Its Trading Symbol Is GROW. And It Is.

This article is from the archive of The New York Sun before the launch of its new website in 2022. The Sun has neither altered nor updated such articles but will seek to correct any errors, mis-categorizations or other problems introduced during transfer.

The New York Sun

KEVIN KENNEDY
PUBLISHER
COOLCAT REPORT.COM


COMPANY: U.S. Global Investors
TICKER: GROW (Nasdaq)
PRICE: $12.65 (as of 4 p.m. yesterday)
52-WEEK RANGE: $4.39-$20
MARKET CAPITALIZATION: $94.7 million


Kevin Kennedy is the publisher of the Coolcat Explosive Small Cap Growth Stock Repot. U.S Global Investors is a mutual fund management and investment advisory firm. Mr. Kennedy spoke to David Dalley of The New York Sun about why he thinks GROW is a strong investment.


What does GROW do?


They’re an asset management company. They have 13 mutual funds that they run, and they do private client accounts, too. They have some strength in small-cap and emerging markets, and that’s one reason that they’ve done well.


Why do you like the stock?


GROW made the screens in the Coolcat Explosive Small Cap Growth Stock Report in early December. The stock was pretty sleepy until November and hadn’t averaged 100,000 in daily volume in any week since December 2004 until the week of November 7-11. It hasn’t had a week since where it averaged less than 100,000 in daily volume.


For the Small Cap report, we look for stocks making new highs, stocks which show volume growth, which are priced below $15, which have a low trading float, etc. – small companies with low market caps. A low float means little supply, and in a context of growing demand that equals a rising price.


This stock to me seems to be a likely acquisition target for a bigger fish. What people are interested in is that these guys have live customers. Someone else can leverage off that. It wouldn’t surprise me, for example, to see mergers between asset managers and discount brokers at some point. Even a company like Dow Jones, which is just a content provider basically, would certainly be interested in GROW’s customer base.


What are the fundamentals like?


GROW has a $96 million market cap. It got our attention at about $12.The 50-day moving average is $15.70, so it’s trading now at about $3 below that. Last May it was trading at $4, and it went as high as $20 on February 6. We tried to buy it for the last couple months, but it shot ahead. We’ve been adding to it recently on the way back down.

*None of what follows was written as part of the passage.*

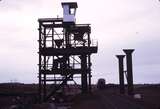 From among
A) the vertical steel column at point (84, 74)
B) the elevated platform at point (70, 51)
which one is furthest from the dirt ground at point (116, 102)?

Revenues and earnings are growing rapidly, and the stock has nice double-digit margins. Earnings in the second quarter reported February 14 jumped 220% and revenues were up 89% over the same quarter a year earlier.


Is it a good buy at current prices?


On basic terms, it’s a pretty cheap company – $96 million is not a lot to pay for a company that has about $3.8 billion in assets under management. Somebody looking to sink their teeth into those assets wouldn’t blink at paying that price. That in itself will push valuations higher.


You also have strength in the markets that these guys are focused in. The funds they have invested in emerging markets, and they have some small-cap funds, too. Both those areas are doing very well.


What are the risks?


At this point, the uncertainty is that you don’t know where, precisely, the pullback will bottom out. Also, their fortunes are tied fairly tightly to the stock market, and specifically to the sectors they’re focused on, and if we have a big bear market, then that could hurt them. But I don’t see that happening.